超短編小説 トモコとマリコ

超短編小説を中心とした短い読み物を発表しています。

お母さんと鳥かご

 お母さんと喧嘩した。もう口もききたくないと思った。

 仲直りしようとしていたお母さんに「子どもは親を選べないから最悪だ」と言い放って部屋に戻った。

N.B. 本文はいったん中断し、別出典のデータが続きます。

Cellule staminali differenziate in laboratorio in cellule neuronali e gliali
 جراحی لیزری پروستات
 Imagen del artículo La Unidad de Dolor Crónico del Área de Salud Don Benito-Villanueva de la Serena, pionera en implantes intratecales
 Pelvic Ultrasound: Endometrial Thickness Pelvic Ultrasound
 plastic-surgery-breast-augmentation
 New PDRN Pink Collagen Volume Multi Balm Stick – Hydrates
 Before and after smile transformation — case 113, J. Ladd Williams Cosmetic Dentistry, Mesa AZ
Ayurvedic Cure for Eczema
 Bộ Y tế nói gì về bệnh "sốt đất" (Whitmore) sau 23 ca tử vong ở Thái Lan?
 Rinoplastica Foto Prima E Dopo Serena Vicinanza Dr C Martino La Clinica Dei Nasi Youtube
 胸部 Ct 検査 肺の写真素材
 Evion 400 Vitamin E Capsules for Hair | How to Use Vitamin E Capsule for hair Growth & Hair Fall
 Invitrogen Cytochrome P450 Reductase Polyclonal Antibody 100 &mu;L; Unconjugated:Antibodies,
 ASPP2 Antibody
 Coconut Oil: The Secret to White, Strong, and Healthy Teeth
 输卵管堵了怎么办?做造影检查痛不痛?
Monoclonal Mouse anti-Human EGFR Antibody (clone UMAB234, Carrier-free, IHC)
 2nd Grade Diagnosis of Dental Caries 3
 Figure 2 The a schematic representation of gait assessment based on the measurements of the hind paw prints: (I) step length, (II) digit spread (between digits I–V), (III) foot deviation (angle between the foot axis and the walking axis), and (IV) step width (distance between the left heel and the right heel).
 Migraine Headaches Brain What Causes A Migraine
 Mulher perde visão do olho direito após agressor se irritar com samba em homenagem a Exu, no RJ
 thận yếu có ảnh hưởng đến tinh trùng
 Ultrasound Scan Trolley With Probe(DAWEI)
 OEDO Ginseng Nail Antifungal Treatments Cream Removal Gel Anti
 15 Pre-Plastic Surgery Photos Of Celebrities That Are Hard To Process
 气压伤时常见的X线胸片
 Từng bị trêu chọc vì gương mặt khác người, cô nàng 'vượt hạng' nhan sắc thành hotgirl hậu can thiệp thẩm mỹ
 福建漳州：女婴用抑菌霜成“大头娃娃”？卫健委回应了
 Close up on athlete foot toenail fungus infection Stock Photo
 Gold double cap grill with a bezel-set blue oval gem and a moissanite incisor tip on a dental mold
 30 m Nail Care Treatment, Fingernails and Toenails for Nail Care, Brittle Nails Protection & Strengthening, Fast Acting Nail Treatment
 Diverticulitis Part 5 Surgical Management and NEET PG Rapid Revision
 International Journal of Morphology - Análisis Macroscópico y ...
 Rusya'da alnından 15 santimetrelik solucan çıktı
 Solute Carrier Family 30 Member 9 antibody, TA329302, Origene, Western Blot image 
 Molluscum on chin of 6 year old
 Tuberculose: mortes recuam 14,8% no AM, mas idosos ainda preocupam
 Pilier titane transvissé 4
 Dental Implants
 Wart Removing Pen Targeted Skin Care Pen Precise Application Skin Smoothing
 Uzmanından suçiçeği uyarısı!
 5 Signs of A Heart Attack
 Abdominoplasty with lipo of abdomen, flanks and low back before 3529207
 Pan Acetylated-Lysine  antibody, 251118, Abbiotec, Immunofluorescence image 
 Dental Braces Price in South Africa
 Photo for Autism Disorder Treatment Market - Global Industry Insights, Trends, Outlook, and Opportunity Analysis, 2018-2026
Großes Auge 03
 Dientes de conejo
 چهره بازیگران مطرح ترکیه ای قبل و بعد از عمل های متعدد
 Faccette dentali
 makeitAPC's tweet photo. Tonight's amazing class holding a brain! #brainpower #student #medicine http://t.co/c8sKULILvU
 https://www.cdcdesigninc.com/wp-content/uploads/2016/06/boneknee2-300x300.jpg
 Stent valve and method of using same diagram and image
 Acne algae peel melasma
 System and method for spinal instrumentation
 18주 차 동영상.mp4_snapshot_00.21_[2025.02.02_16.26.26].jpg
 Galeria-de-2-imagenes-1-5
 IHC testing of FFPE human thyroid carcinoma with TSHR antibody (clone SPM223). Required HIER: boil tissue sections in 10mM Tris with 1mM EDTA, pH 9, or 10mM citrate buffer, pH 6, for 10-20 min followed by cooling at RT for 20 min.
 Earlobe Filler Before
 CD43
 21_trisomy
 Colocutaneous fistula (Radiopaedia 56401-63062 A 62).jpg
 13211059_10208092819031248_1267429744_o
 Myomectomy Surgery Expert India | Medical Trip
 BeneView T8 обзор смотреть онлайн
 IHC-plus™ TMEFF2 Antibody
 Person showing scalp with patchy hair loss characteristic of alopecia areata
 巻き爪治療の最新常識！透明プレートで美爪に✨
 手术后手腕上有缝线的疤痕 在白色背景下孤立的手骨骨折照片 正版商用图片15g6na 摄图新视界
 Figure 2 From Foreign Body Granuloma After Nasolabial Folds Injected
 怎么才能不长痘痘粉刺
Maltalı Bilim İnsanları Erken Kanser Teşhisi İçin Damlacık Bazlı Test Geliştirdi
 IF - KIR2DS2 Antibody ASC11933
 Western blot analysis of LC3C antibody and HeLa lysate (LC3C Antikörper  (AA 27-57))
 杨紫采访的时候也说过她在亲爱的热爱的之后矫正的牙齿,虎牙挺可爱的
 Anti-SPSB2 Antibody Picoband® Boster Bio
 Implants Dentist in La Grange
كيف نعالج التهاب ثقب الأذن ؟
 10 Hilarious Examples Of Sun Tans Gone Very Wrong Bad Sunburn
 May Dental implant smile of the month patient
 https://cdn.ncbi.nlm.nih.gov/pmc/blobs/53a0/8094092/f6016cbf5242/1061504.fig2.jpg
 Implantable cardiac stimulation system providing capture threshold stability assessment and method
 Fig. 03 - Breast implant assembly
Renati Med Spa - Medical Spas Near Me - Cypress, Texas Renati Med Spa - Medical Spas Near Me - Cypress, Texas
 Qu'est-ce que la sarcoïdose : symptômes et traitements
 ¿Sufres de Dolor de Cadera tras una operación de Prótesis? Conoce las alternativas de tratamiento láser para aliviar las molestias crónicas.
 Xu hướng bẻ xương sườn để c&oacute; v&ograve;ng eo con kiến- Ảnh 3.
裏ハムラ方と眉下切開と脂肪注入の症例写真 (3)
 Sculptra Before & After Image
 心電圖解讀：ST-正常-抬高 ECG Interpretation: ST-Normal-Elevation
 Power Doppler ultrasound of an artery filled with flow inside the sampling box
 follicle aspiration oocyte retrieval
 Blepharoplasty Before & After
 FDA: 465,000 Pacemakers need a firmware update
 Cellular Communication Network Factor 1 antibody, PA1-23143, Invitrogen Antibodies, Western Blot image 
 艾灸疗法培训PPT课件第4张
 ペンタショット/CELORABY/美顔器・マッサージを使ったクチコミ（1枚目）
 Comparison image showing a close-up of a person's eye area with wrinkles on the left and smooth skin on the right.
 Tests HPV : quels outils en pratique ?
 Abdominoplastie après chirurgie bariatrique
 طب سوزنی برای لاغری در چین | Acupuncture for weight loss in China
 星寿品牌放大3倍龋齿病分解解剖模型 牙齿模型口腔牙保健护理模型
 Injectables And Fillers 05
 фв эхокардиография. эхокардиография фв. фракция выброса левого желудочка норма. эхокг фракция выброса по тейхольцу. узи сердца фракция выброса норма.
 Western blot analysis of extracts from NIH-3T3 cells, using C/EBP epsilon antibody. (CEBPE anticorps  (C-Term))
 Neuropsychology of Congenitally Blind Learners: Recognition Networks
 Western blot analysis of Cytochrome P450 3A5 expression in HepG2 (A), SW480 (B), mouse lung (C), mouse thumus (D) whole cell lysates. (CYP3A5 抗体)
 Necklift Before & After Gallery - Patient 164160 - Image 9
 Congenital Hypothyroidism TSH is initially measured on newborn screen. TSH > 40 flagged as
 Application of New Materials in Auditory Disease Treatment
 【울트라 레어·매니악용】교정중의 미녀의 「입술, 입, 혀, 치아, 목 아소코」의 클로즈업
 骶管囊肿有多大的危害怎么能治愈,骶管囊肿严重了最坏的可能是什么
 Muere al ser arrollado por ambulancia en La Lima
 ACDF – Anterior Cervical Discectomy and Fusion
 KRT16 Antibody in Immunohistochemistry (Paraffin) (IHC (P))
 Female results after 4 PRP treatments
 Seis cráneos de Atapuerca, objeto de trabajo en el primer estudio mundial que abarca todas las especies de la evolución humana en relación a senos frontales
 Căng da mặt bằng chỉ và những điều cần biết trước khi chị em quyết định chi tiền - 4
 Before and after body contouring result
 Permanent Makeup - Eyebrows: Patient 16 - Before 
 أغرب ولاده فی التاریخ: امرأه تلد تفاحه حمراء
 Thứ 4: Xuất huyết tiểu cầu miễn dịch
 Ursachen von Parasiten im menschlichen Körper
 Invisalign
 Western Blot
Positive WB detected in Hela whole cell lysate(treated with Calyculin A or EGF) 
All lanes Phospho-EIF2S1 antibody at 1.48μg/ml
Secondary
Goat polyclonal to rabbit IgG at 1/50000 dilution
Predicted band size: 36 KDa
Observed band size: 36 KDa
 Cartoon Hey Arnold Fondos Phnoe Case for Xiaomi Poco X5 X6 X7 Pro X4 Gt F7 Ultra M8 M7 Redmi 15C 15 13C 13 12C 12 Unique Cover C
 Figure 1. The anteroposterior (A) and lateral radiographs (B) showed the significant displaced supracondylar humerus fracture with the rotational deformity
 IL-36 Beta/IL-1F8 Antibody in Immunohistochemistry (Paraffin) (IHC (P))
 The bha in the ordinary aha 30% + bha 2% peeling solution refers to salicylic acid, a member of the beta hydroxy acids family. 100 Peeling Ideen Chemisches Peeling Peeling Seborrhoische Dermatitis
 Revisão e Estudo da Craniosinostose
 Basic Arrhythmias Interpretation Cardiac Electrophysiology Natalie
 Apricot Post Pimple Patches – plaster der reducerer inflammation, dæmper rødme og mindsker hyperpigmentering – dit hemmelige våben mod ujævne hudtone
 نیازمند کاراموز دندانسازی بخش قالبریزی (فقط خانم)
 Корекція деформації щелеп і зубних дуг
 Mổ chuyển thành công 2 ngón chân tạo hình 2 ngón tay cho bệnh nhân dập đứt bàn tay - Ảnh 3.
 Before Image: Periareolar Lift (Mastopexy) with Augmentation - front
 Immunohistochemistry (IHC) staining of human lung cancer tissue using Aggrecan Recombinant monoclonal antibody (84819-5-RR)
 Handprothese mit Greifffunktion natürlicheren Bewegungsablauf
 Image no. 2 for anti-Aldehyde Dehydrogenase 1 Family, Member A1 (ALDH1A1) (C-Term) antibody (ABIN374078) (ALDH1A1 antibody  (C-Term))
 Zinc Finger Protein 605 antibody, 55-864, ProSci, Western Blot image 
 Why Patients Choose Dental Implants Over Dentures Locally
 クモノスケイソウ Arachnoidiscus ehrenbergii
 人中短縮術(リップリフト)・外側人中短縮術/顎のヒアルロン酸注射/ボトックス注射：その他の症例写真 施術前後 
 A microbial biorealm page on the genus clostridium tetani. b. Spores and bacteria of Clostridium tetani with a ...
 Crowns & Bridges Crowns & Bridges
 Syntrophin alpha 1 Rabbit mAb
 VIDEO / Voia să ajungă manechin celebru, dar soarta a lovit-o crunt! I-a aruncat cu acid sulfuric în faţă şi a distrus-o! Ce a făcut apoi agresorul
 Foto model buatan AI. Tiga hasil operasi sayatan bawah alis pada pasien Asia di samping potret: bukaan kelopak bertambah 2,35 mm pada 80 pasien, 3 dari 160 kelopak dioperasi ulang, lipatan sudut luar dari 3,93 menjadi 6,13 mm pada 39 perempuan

 前にクラスの友だちが言っていたのを聞いて、一度使ってみたいと思っていた言葉だったのだ。

 

 夕飯の時間、台所に行くと、何も入っていない空の鳥かごが天井から吊り下げられていた。とても気になったけど、喧嘩していたのでお母さんに聞くことは出来なかった。

 その日のメニューはカレーだった。いつもならお母さんと私の分だけなのに、そのときお母さんは、空の鳥かごの前にもカレーを並べた。

 私は黙って食べはじめた。どういうわけか泣きそうだった。

 

 お母さんはエプロンで手を拭きながら遅れて席につき、鳥かごに向かって「あおがりなさい」と声をかけた。お母さんがそんな古めかしい言葉を使っているのは初めて聞いた。

 すると空の鳥かごの小さな扉がひとりでに開き、目の前のカレーが少しずつ減っていった。

 私が呆然としていると、お母さんが「私だって選べなかったから最悪よ?」と冷たい声で言った。